### Requirement:
Your reply should reproduce the data below without a single alteration, apart from dropping the images.

### Recorded data:
Segment Open

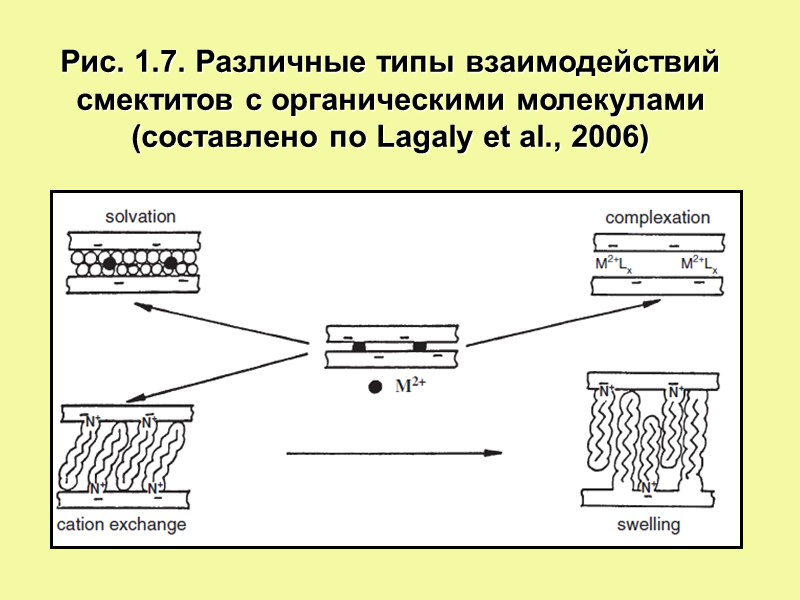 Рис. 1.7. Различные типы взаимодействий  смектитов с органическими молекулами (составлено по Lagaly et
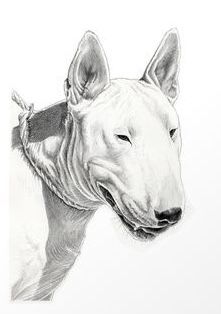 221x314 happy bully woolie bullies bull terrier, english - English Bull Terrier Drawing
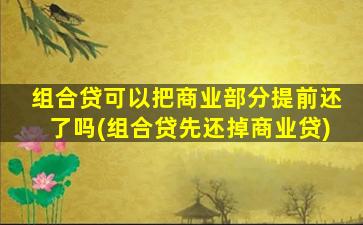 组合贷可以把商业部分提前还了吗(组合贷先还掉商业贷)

Segment Closed

### Result for this task:
 Рис. 1.7. Различные типы взаимодействий  смектитов с органическими молекулами (составлено по Lagaly et
 221x314 happy bully woolie bullies bull terrier, english - English Bull Terrier Drawing
 组合贷可以把商业部分提前还了吗(组合贷先还掉商业贷)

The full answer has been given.